Film Allemand Britanique Américain de Gurinder Chadha
Scénario de Gurinder Chadha, Guljit Bindra, Paul Mayeda Berges
Musique de Craig Pruees
Sortie en France le 20 novembre 2002
Durée : 1h52

Site officiel : http://www.metrofilms.com/jouelacommebeckham/

Avec :
Comédiens et Comédiennes Dans le rôle de :
Parminder Nagra Jess Bhamra
Keira Knightley Jules Paxton
Jonathan Rhys Meyers Joe
Anupam Kher Mr Bhamra
Archie Panjabi Pinky Bhamra

Anecdotes

Généreux David Beckham
L'utilisation de l'image et du nom de David Beckham n'ont strictement rien coûté aux producteurs du film ! En effet, la réalisatrice Gurinder Chadha a contacté le footballeur dès l'élimination de l'Angleterre lors de la coupe du monde 1998 : le joueur, alors considéré par les supporters britanniques comme l'un des responsables de la défaite nationale, y vit une occasion de se racheter et accepta le projet gracieusement.
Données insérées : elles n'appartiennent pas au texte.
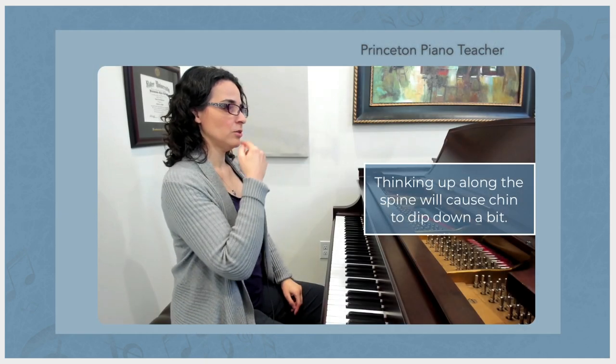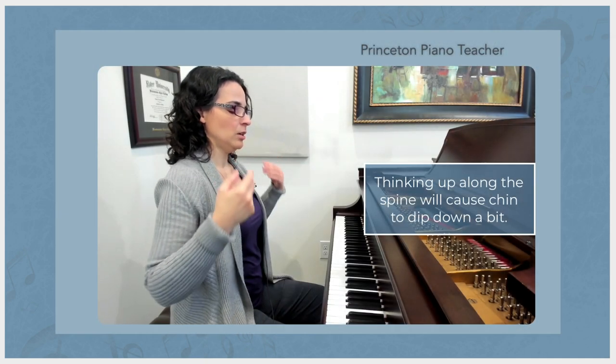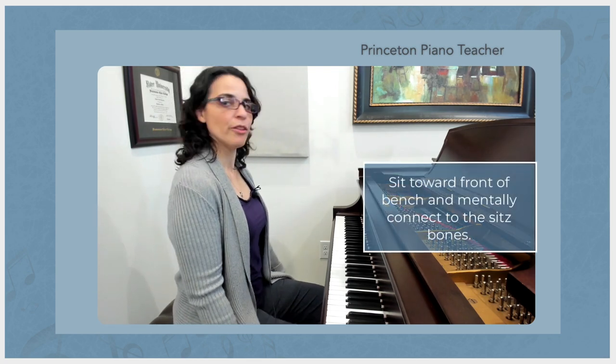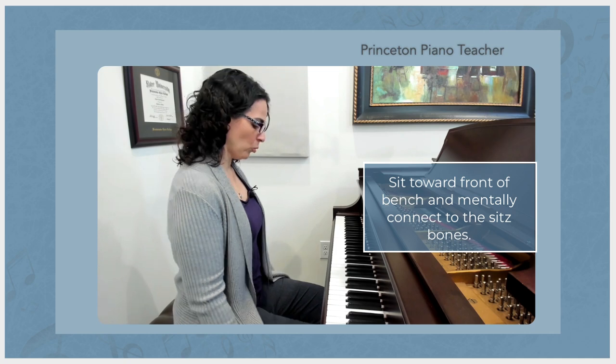So we think up this way, chin tucks slightly, and then we connect to the sits bones. And it can be easier to connect to the sits bones if you sit on the front half of the bench, a little more toward the edge.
Devant même y participer, il ne pourra malheureusement pas honorer sa promesse, et fut remplacé par un sosie. Toutefois, sa femme, l'ex spice-girl Victoria Adams / Beckham, participera au film lors d'une petite apparition dans son propre rôle.

Succès surprise en Grande-Bretagne
Sorti en avril 2002 en Grande-Bretagne, Joue-la comme Beckham a été l'un des succès surprise de l'année avec plus de 11 millions de livres récoltés dans son pays d'origine. Le film a également été récompensé aux Festivals de Dinard, de Locarno et de Toronto.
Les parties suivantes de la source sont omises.